“Ignazio,” I began firmly, “the time has come when we must part.”
He shook the earth from his slim fingers, sprang to his feet, agile as a faun, and fixed me with his clear hazel eyes.
“E vero? This is a fount of sorrow to me! Where might your Excellency be going?”
“It is not I who am going.”
“Si capisce! The Signora will soon join the Signore? Let her be at ease; everything will go on as if she were at home. Behold the primole the Signora has asked for these many years! They are not a garden flower, therefore it was extraordinarily difficult to obtain these wild things. With infinite labor I got them from the guardiano of the Villa Caprarola, where they cover the hills like a weed.”
This was my last attempt to part with Ignazio; whatever else is fleeting, he is permanent.

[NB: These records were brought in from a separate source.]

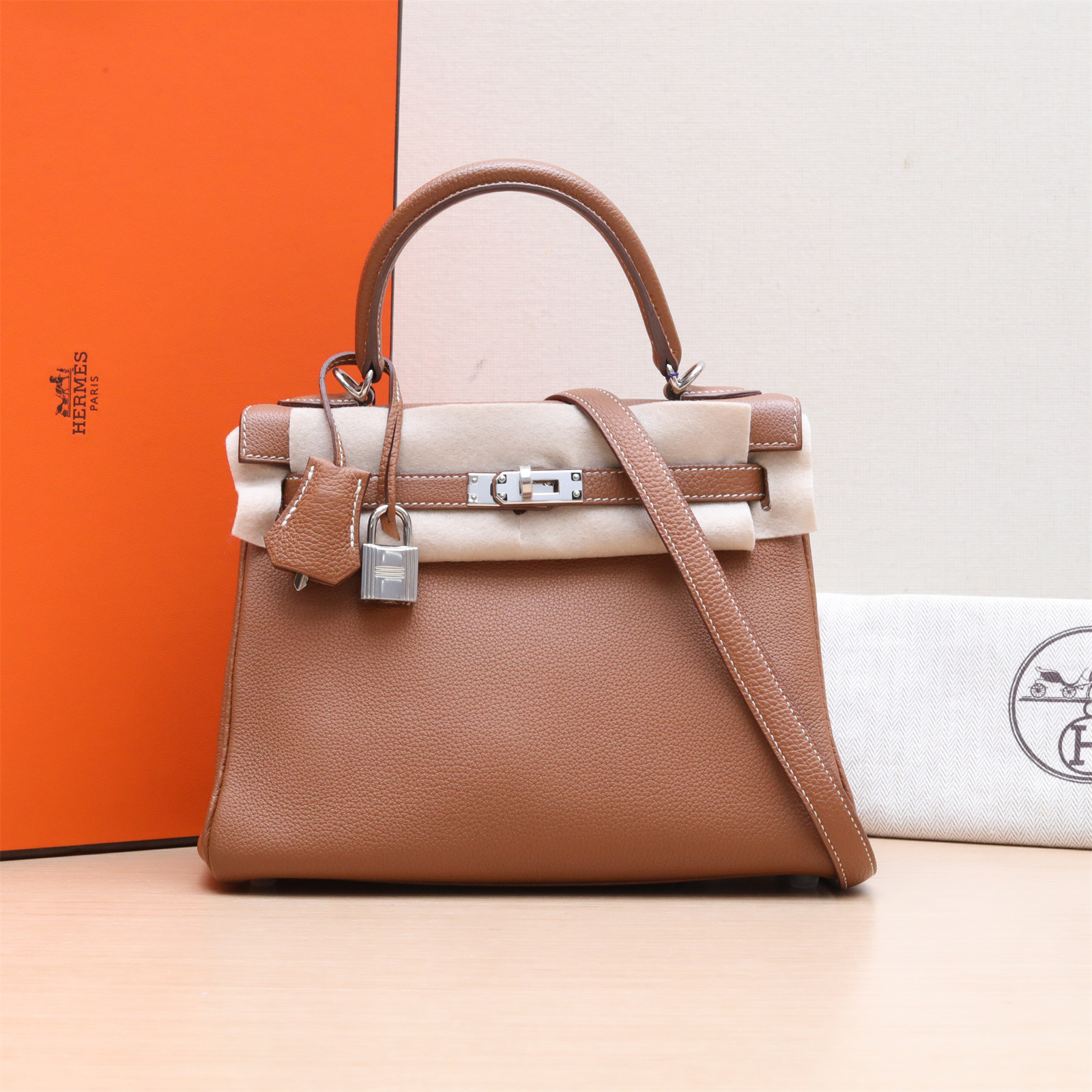 99新 Hermes/爱马仕 小花攀攀Kelly 25 37金棕色 TN皮 Y刻 银扣包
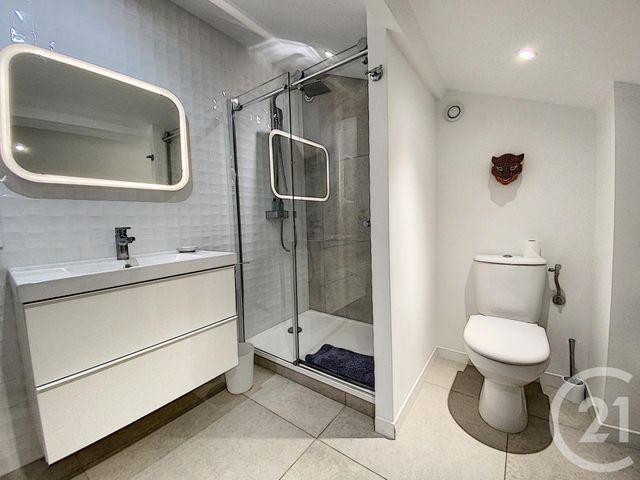 Afficher la photo en grand Appartement F1 à vendre - 1 pièce - 60.0 m2 - CANNES - 06 - PROVENCE-ALPES-COTE-D-AZUR - Century 21 Adhère Transactions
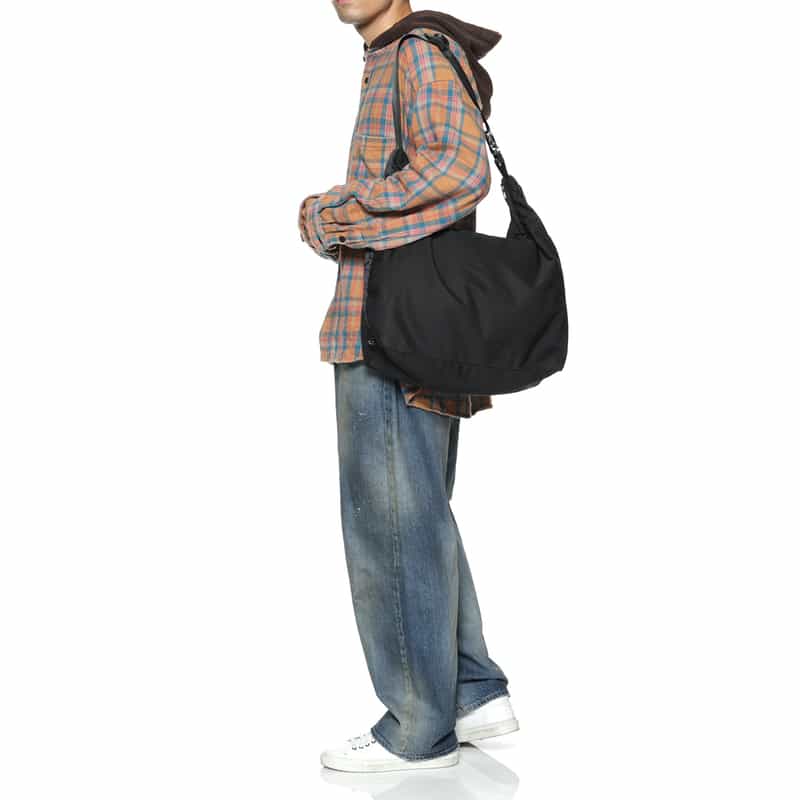 ARCS LONDON ARCS LONDON＜アークス ロンドン＞ スリングバッグ BLACK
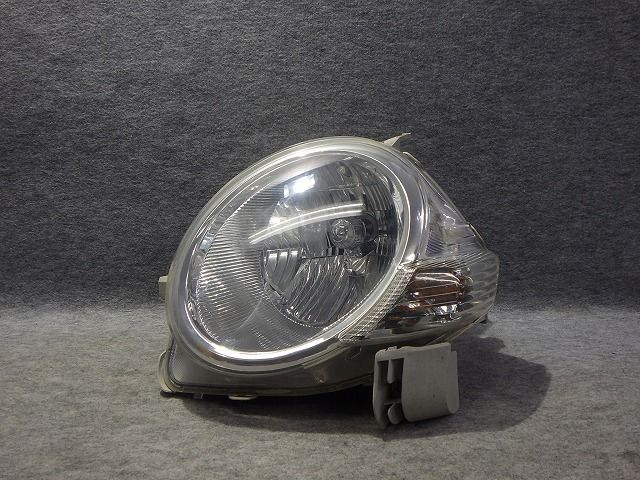 シエンタ 左ヘッドライト HID NCP81/85 後期 52-172 H 81150-52830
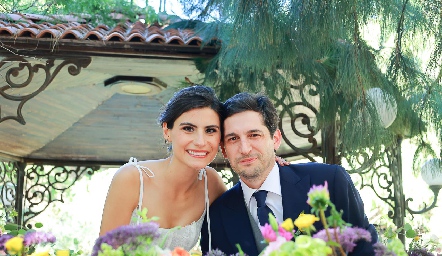  Tere Cadena y Samuel Scott ya son esposos.
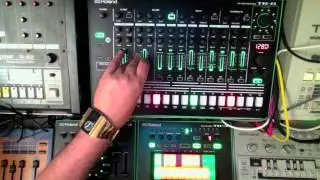 First contact Roland TR-8 TR-3 VT-3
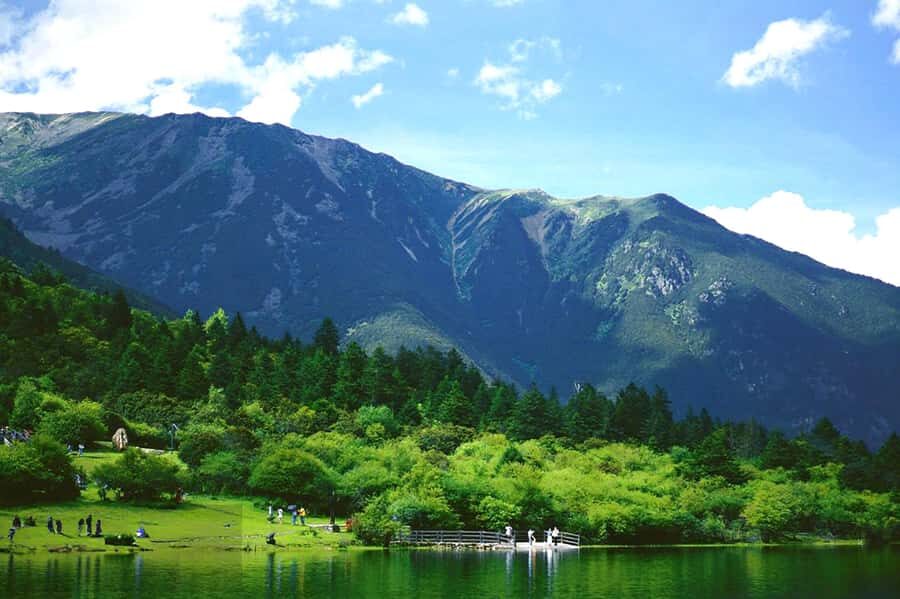 Chengdu: Bipenggou Scenic Area Day Trip with Guide - What is the Bipenggou Scenic Area Day Trip?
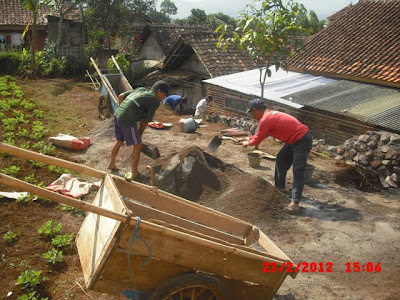 Gotong Royong Perbaikan Sarana YABNI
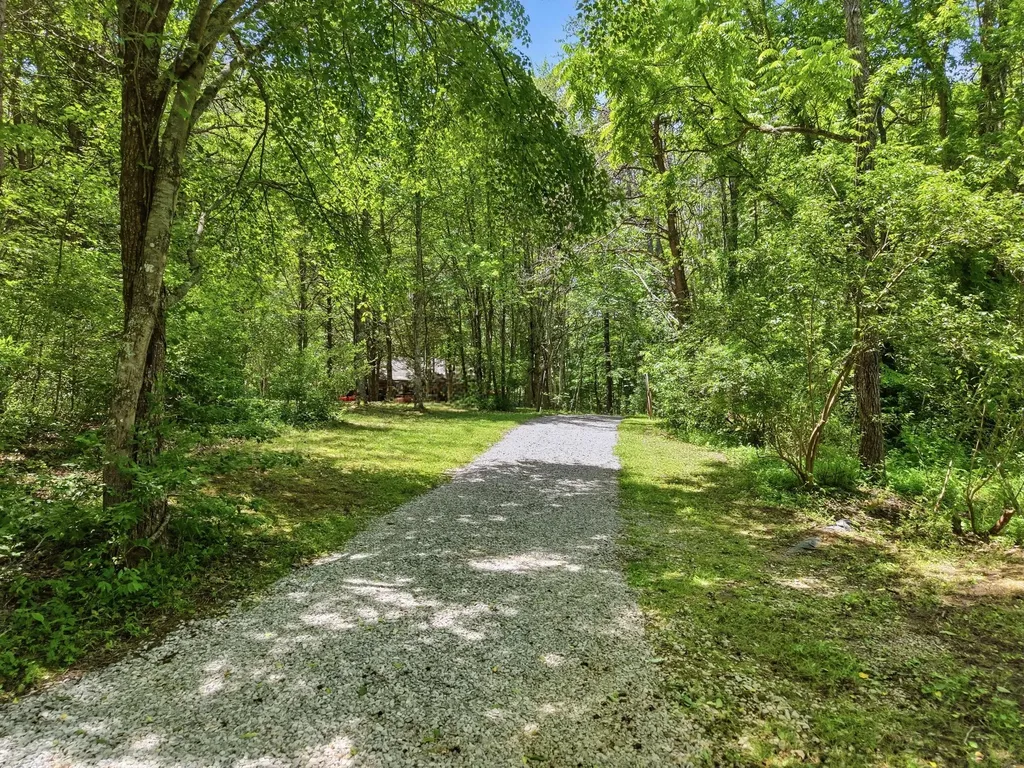 118 Cherokee Road Spencer TN 38585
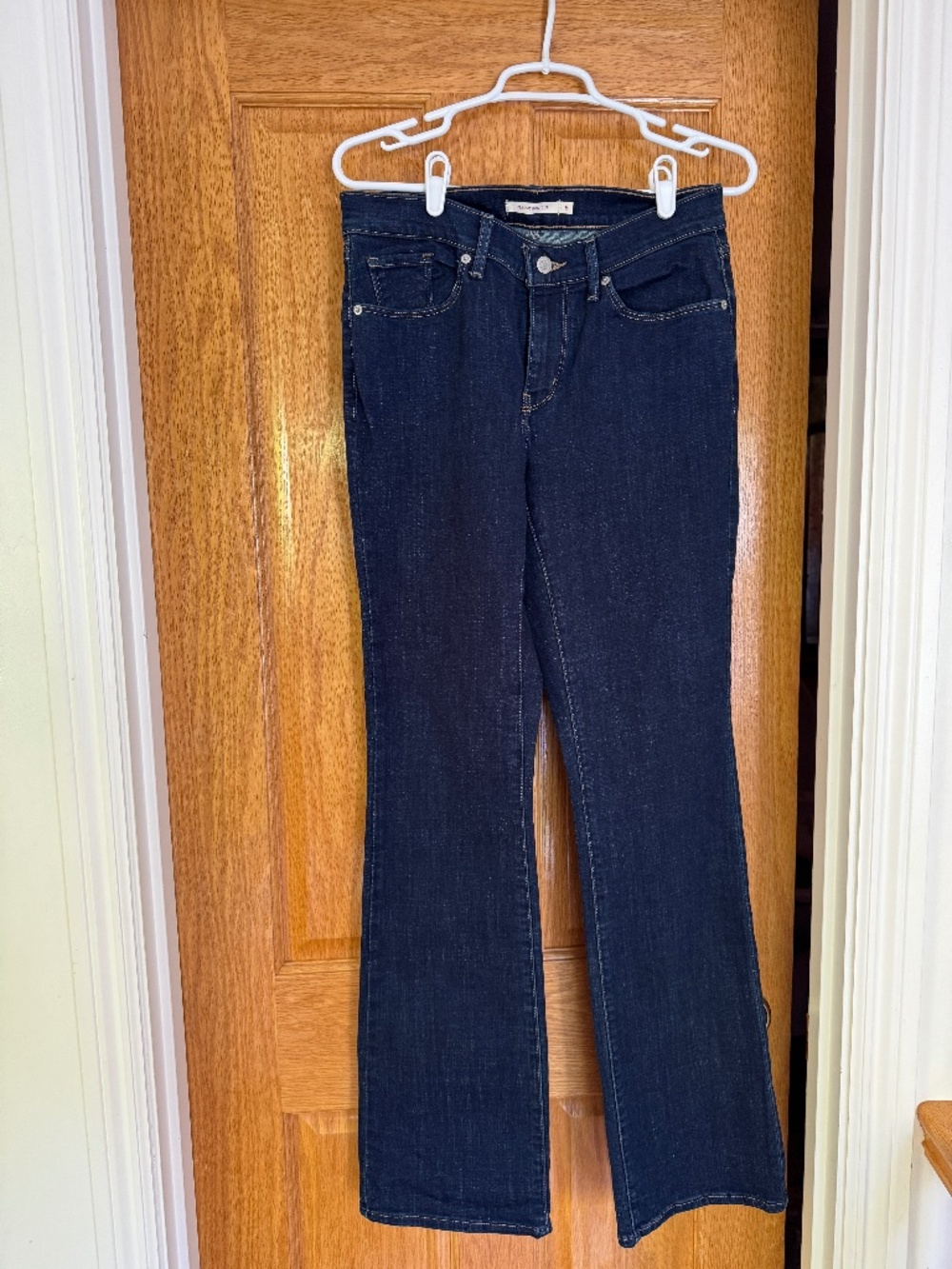 Levi’s classic bootcut jeans. Size 6. Approx 32 in. Never worn.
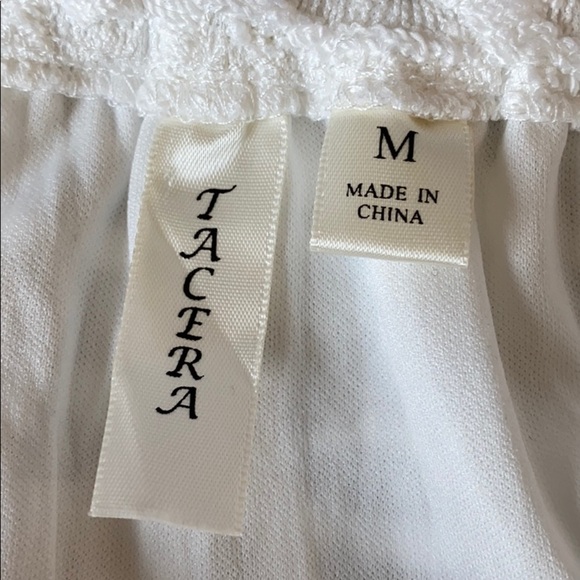 Tacera Sz M White Lacy Angled 3/4 Sleeved Dress - Picture 5 of 7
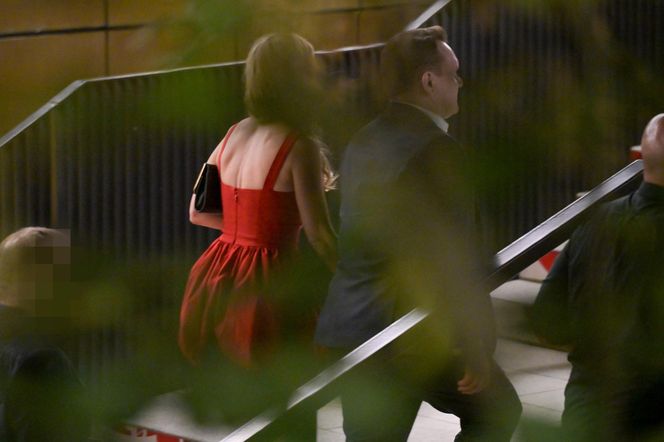 Joanna Krupa w objęciach Dominika Tarczyńskiego.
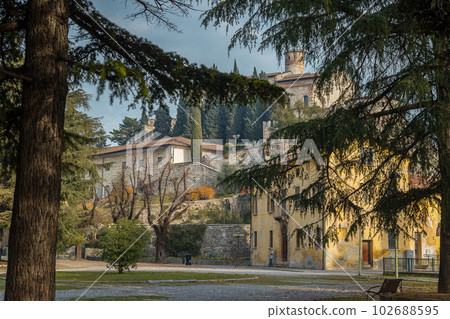 Beautiful park in the castle of the city of Brescia 102688595
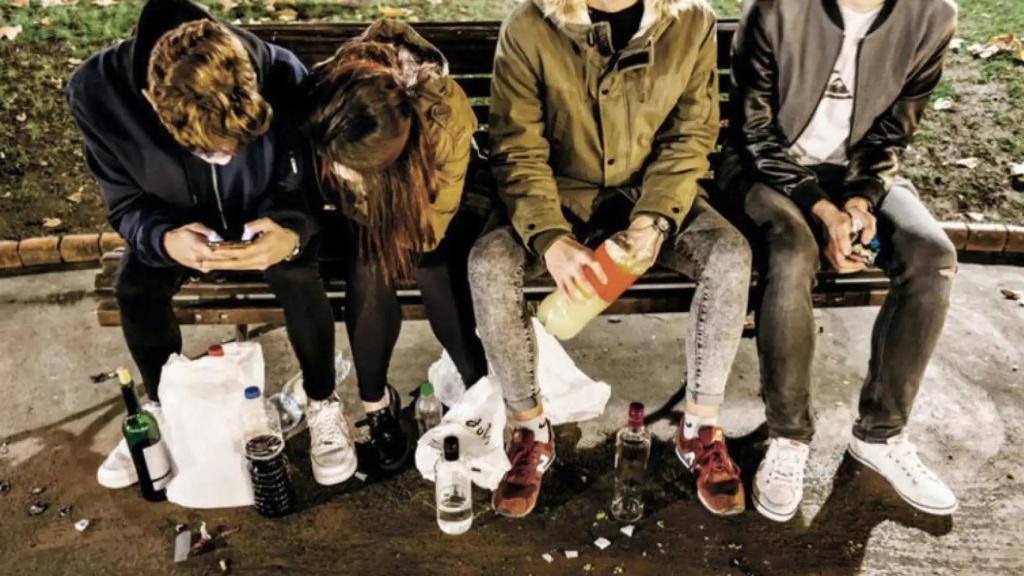 Un grupo de jóvenes haciendo botellón en un parque de Madrid.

To cover my defeat, I changed the subject and asked him what he knew of the Sicilians.
“I am from upper Italy, a Sienese; I have naught to do with those of the south; I do not say there are not brave people among them but they have too hot blood. They all go armed too, even the women; I have proof of it—” he glanced half consciously at a scar on his wrist; when he spoke again an odd note of resentment had crept into his voice, a shadow into eyes clear as a forest brook. “We who have nothing but our two arms—or at best a little gingillo of a knife, so long, what can we do against them? Nothing! It is best to keep away from them, to have nothing to do with them—enough, I have said it!”
VII
BUILDING THE NEW MESSINA
“Un soldo! Eh! Signore, un soldo!” The brown boy, naked as the day he was born, threw up his right arm with that graceful gesture of asking that makes it hard to deny the Neapolitan beggar anything.
“Give me the valise, Signore; there is no danger of its getting wet,” said Antonio, the boatman, an old friend; J. knew him by his gold earrings and the red scar on his cheek.